What the exercise asks: The entries below are to be copied exactly, with every picture left out.

Given records:
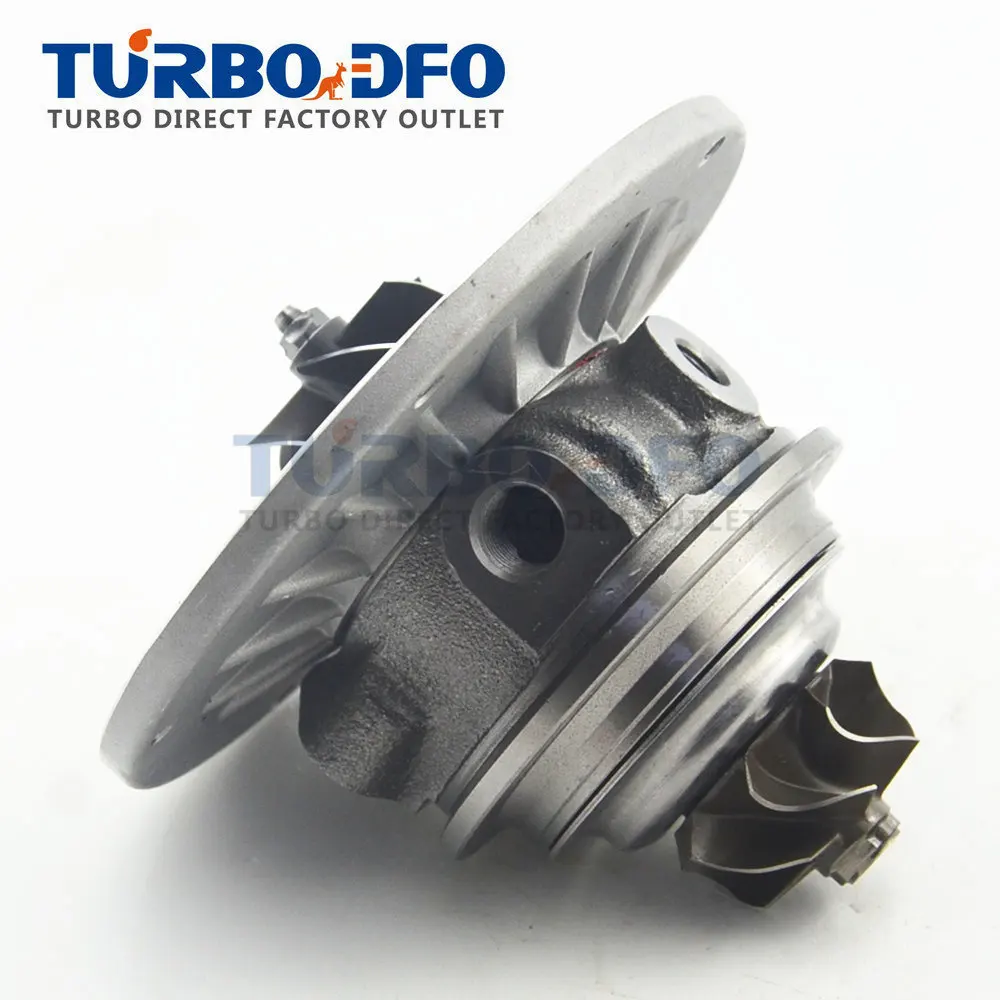 Турбинный турбокартридж chra RHF5-2B/KHF5-2B 28201-4X700 28201-4X701 для Hyundai townan 2 9 CRDi J3 / J3CR 120 кВт 163
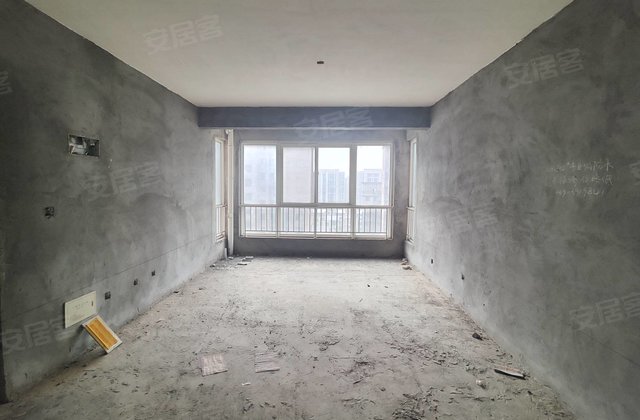 盛德和谐家园3室2厅137.34㎡55万二手房图片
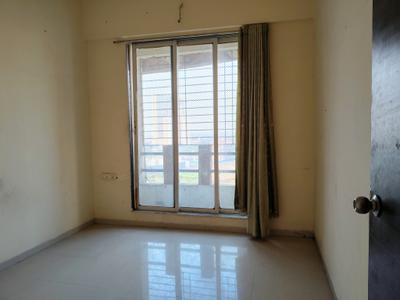 Bedroom Image of 1050 Sq.ft 1 BHK Apartment / Flat for sale in Shivalaya Aniruddha Heights, Kamothe Navi Mumbai for Rs. 8500000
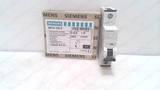 SIEMENS 5SY4 105-8 MINIATURE CIRCUIT BREAKER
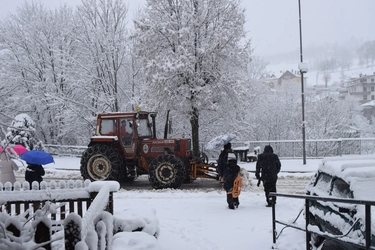 Meteo Emilia Romagna, neve e maltempo: dove e fino a quando. Le previsioni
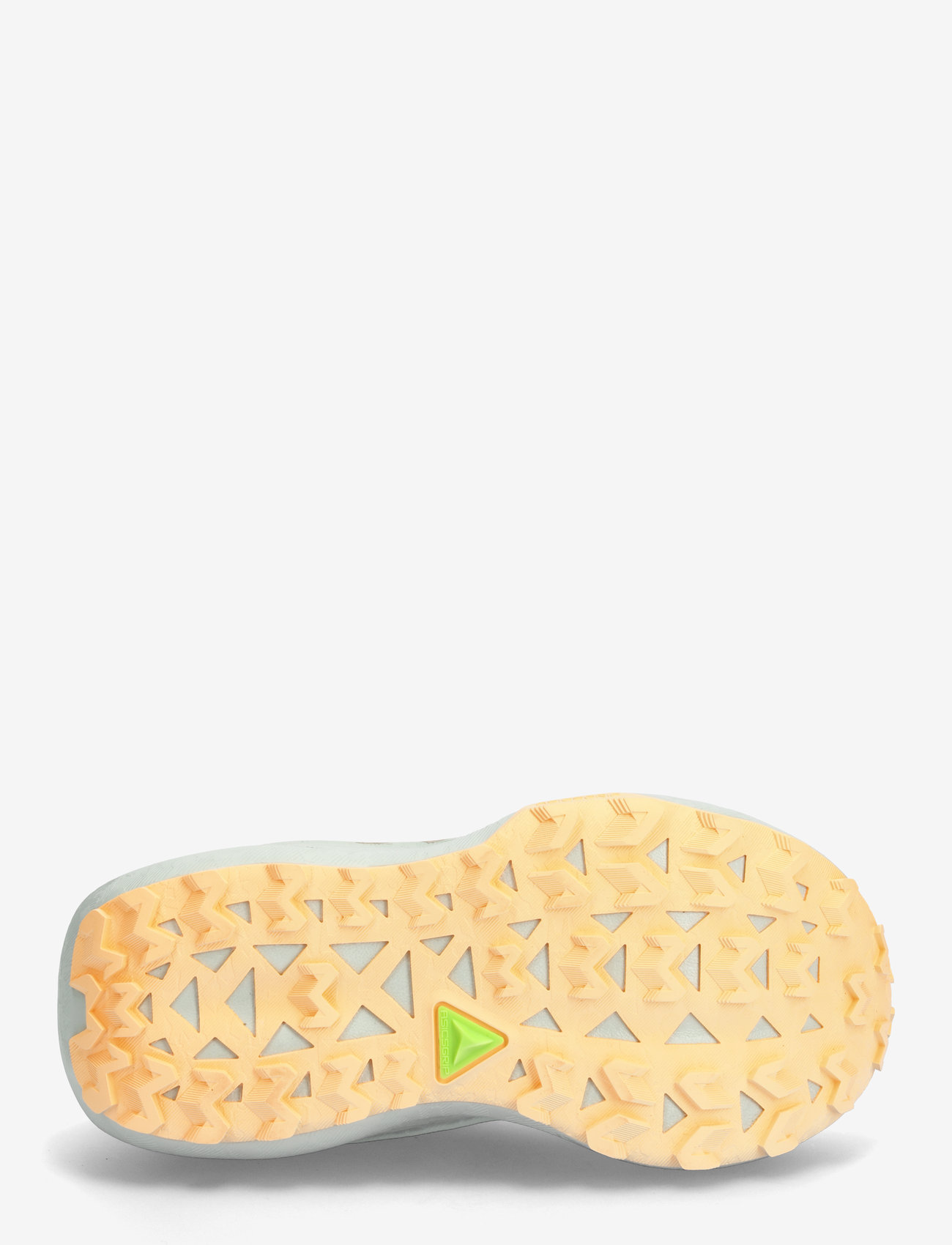 Asics - Trabuco Max 4 - cream/dusty steppe - 4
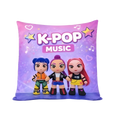 Kpop cushion 40cm
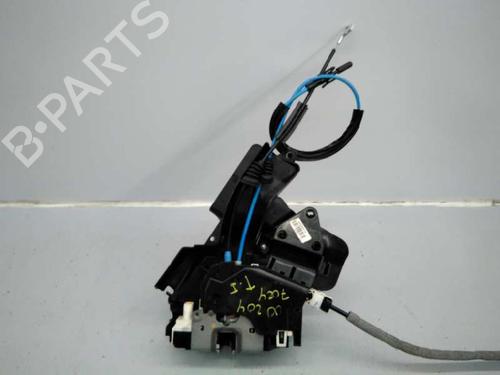Used Rear left lock MERCEDES-BENZ C-CLASS T-Model (S204) C 350 CDI 4-matic (204.292) (231 hp) 5020276
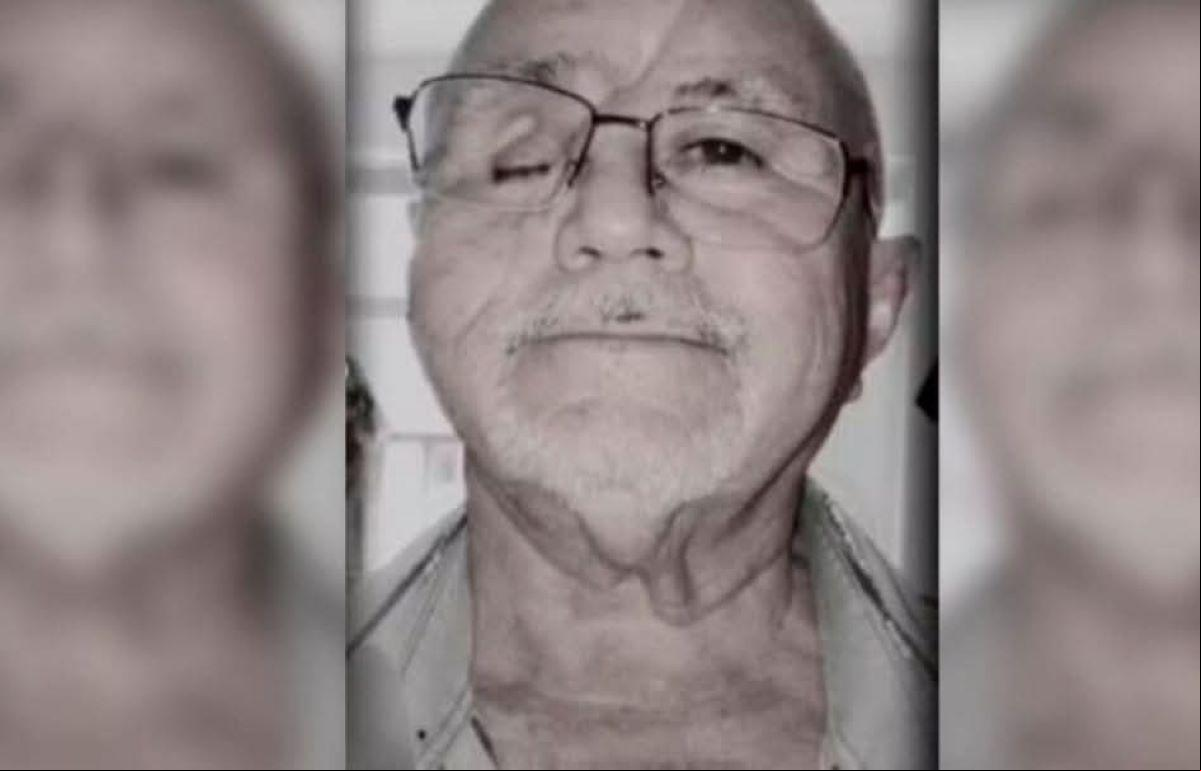 Idoso morreu poucos dias depois de ganhar bolada (Foto/Reprodução)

Written response:
 Турбинный турбокартридж chra RHF5-2B/KHF5-2B 28201-4X700 28201-4X701 для Hyundai townan 2 9 CRDi J3 / J3CR 120 кВт 163
 盛德和谐家园3室2厅137.34㎡55万二手房图片
 Bedroom Image of 1050 Sq.ft 1 BHK Apartment / Flat for sale in Shivalaya Aniruddha Heights, Kamothe Navi Mumbai for Rs. 8500000
 SIEMENS 5SY4 105-8 MINIATURE CIRCUIT BREAKER
 Meteo Emilia Romagna, neve e maltempo: dove e fino a quando. Le previsioni
 Asics - Trabuco Max 4 - cream/dusty steppe - 4
 Kpop cushion 40cm
Used Rear left lock MERCEDES-BENZ C-CLASS T-Model (S204) C 350 CDI 4-matic (204.292) (231 hp) 5020276
 Idoso morreu poucos dias depois de ganhar bolada (Foto/Reprodução)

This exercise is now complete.